Segunda-feira, 8 de Outubro de 2012

Por semana: Sessenta corpos são enterrados na vala comum no 'Lhanguene'

Está a aumentar o número de corpos que diariamente são enterrados na vala comum do Cemitério de Lhanguene, na cidade de Maputo, alegadamente por não terem sido reclamados pelos respectivos familiares.

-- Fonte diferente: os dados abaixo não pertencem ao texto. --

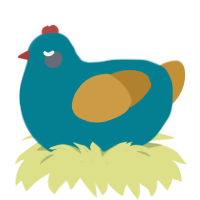 A sea and gold chicken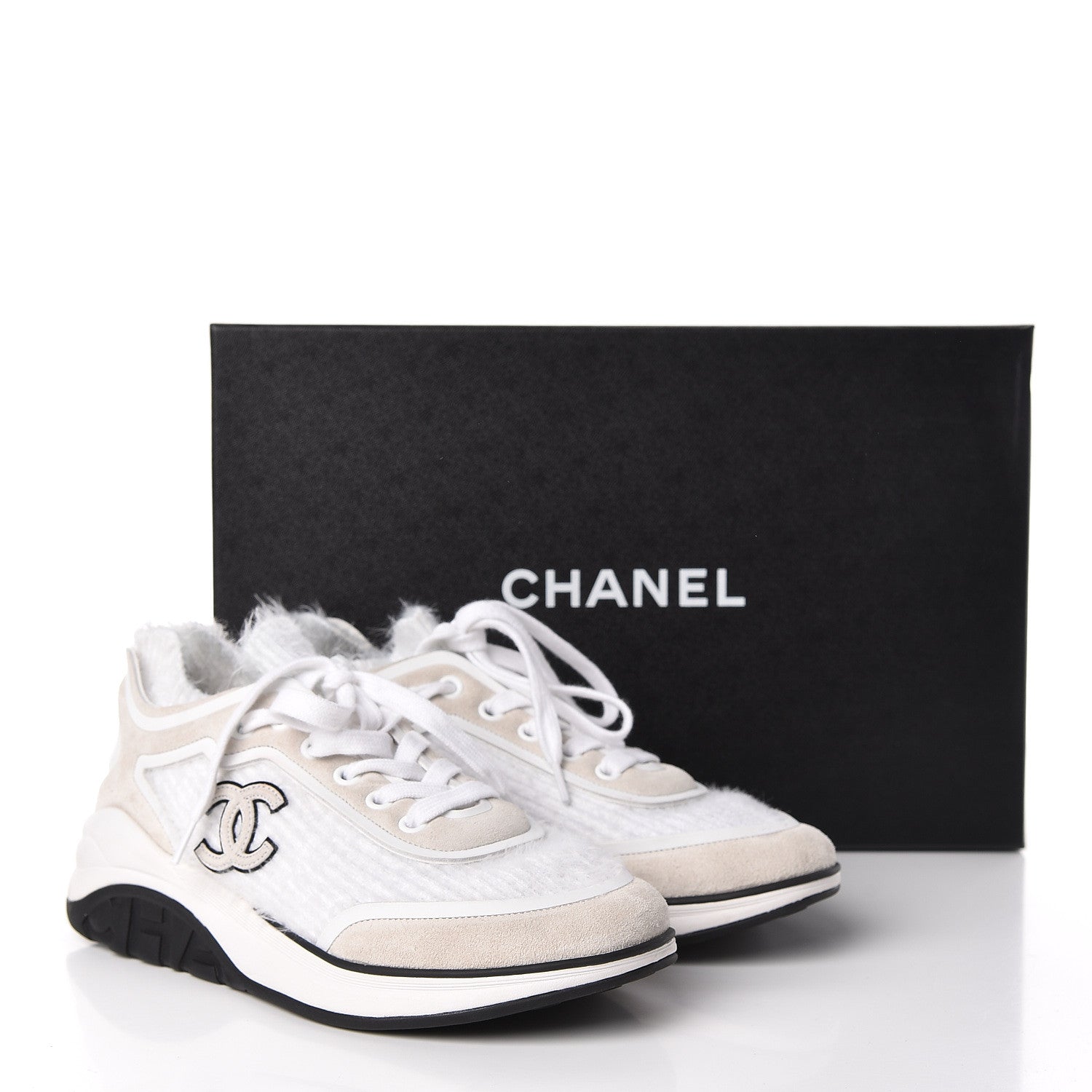 Chanel Suede Calfskin Stretch Fabric CC Sneakers 35.5 White 7 of 7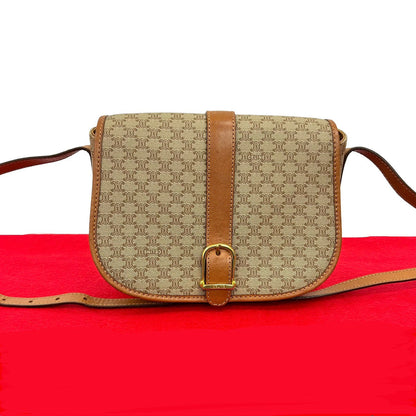 CELINE Shoulder Bag leather beige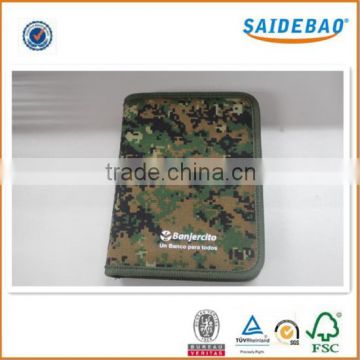 China manufacture military camouflage organizer, Customer own design made fabric organizer, with 6 rings/4-6 cards slots/zipper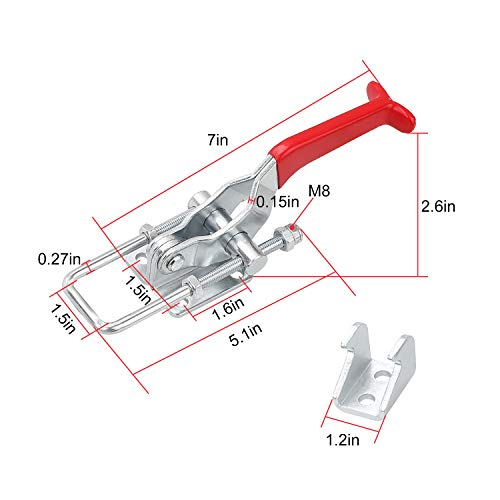 2Pack Adjustable Toggle Clamp 1000Lbs Capacity, Heavy Duty U-Bolt Door Latch, Door Latch-Action Clamp, Quick Release Toggle Latch for Smoker, Jeep Bumper and Tire Swing, Metal Tire Carrier Latch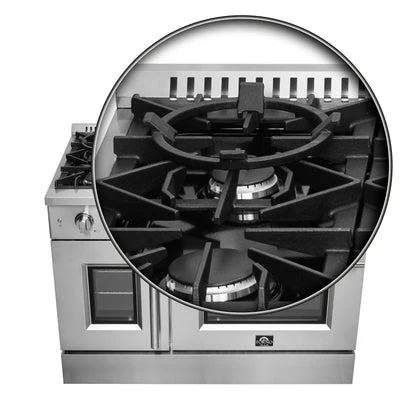 Forno Galiano 48-Inch Freestanding French Door Gas Range, 8 Burners, Griddle, Convection Oven - Image 11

Semanalmente, pelo menos 60 corpos recolhidos nas morgues das unidades sanitárias da capital são enterrados na vala comum, segundo dados da administração do cemitério de Lhanguene.

Florentino Ferreira, vereador para Salubridade e Cemitérios no Conselho Municipal de Maputo, é citado pelo jornal Notícias a dizer que o aumento do número de corpos que vão à vala comum resulta das mortes de indigentes e portadores de deficiência mental na via pública.
Ferreira, que falava há dias em Maputo, disse que este fenómeno já está a reduzir a disponibilidade de espaços também para este tipo de enterros.

Afirmou que o Município já está a trabalhar para encontrar uma solução para o problema, bem como continuar a sensibilizar as comunidades para assumirem a sua responsabilidade em relação aos parentes em convalescença.

A fonte explicou que uma das medidas adoptadas pelo município para conter o crescente número de corpos sepultados na vala comum é promover o uso de crematório, uma alternativa que a pouco e pouco está a ganhar espaço na sociedade moçambicana.

“Temos um crematório no cemitério de Lhanguene, mas o seu uso é feito com frequência pela comunidade Hindu da nossa cidade. Mas o que queremos é reduzir o número de corpos que são levados à vala comum”, referiu Ferreira, segundo o qual a ideia do Município é promover o crematório.

Acrescentou que o Conselho Municipal já está a fazer a prospecção para se obter preços de fornos crematórios que possam ser acessíveis para a sua instalação no novo cemitério de Michafutene para evitar transportar alguns óbitos do “Lhanguene”.
“Vamos manter os serviços da vala comum e o crematório no cemitério de Lhanguene e no Michafutene não vamos abrir vala comum, mas sim um forno crematório”, explicou o vereador.

Diariamente, são realizados no “Lhanguene” entre 35 e 40 funerais, números que são alcançados graças ao esforço que a Edilidade tem efectuado para continuar a garantir a operacionalidade dos serviços funerários.